[[ Input data, beginning ]]

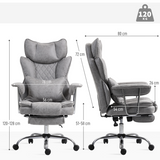 High Back Reclining Gaming Chair with Footrest & Lumbar Pillow – Leathaire Swivel Computer Chair, Grey
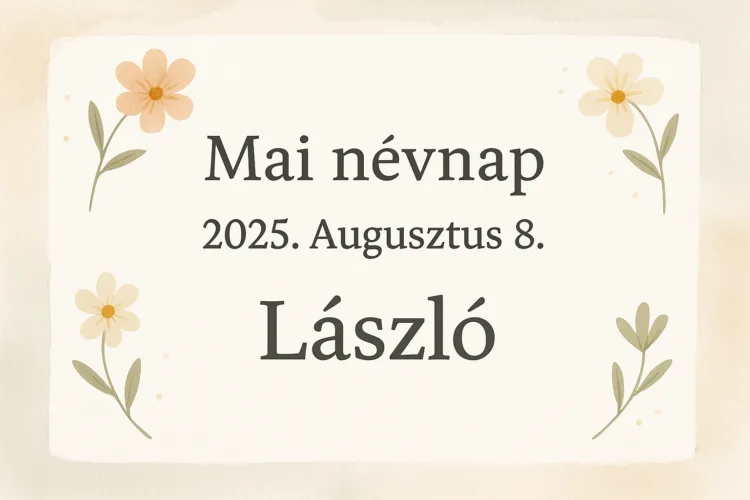Mai névnap – 2025. Augusztus 8. László Mai névnap – 2025. Augusztus 8.: László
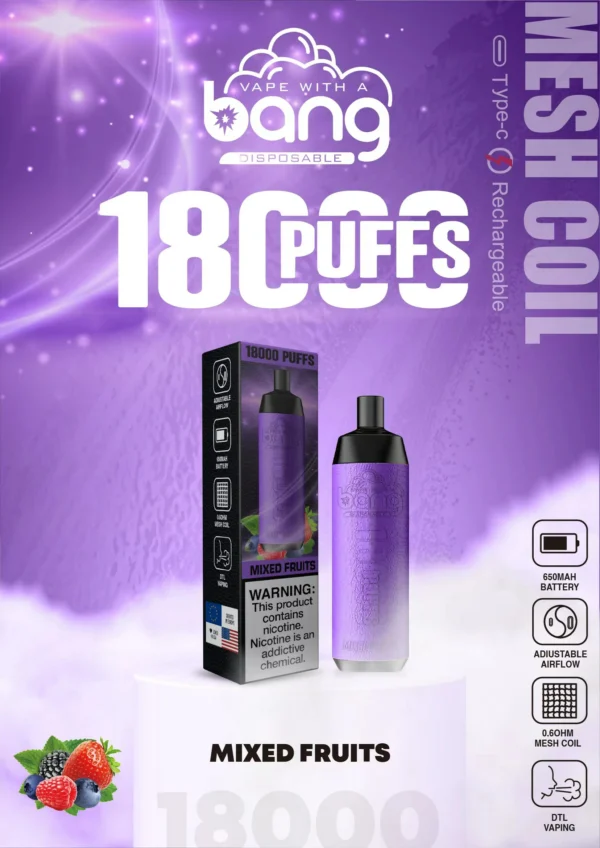 Bang Crown Bar 18000 Puffs 0% 2% 3% 5% Caneta Vapes descartáveis ​​recarregáveis ​​com baixa nicotina em massa Compre no atacado - KeenVape - 15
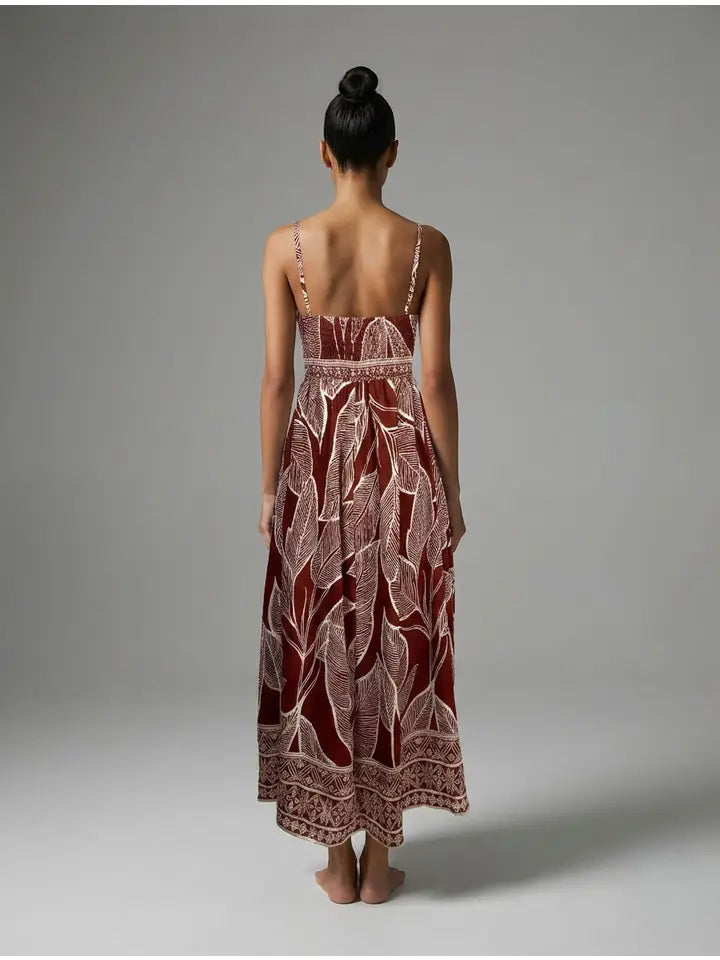Rustic Leaf Code Maxi Dress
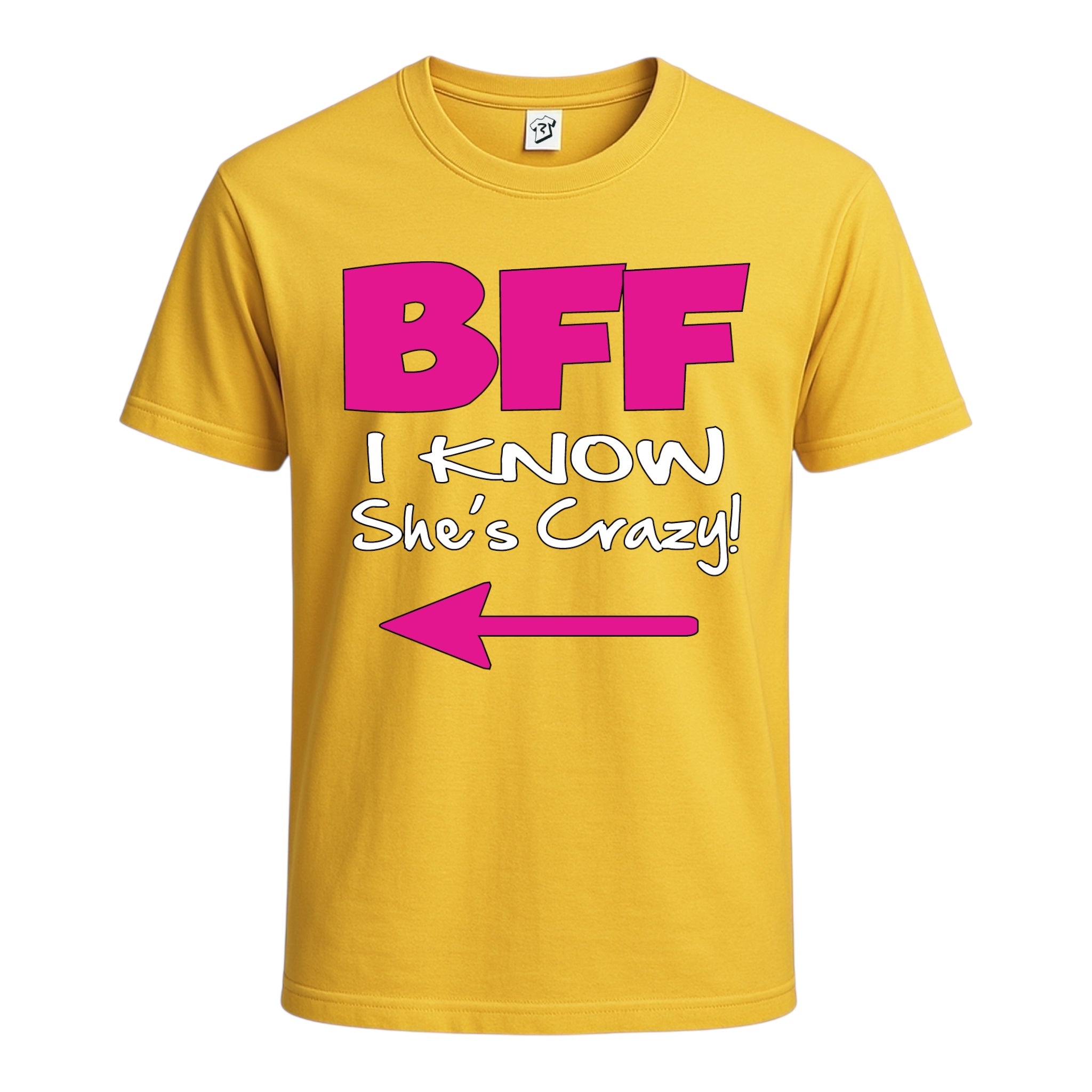 Tees Club graphic tee BFF I Know She Is Crazy - Cotton Tee Navy Size 2XL detail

[[ Input data, end ]]

▶ **Task goal**
The reply should hold an exact repeat of the entries from their opening line through the line with "Rustic Leaf Code Maxi Dress", and no pictures at all.

▶ **Completed task**
 High Back Reclining Gaming Chair with Footrest & Lumbar Pillow – Leathaire Swivel Computer Chair, Grey
Mai névnap – 2025. Augusztus 8. László Mai névnap – 2025. Augusztus 8.: László
 Bang Crown Bar 18000 Puffs 0% 2% 3% 5% Caneta Vapes descartáveis ​​recarregáveis ​​com baixa nicotina em massa Compre no atacado - KeenVape - 15
Rustic Leaf Code Maxi Dress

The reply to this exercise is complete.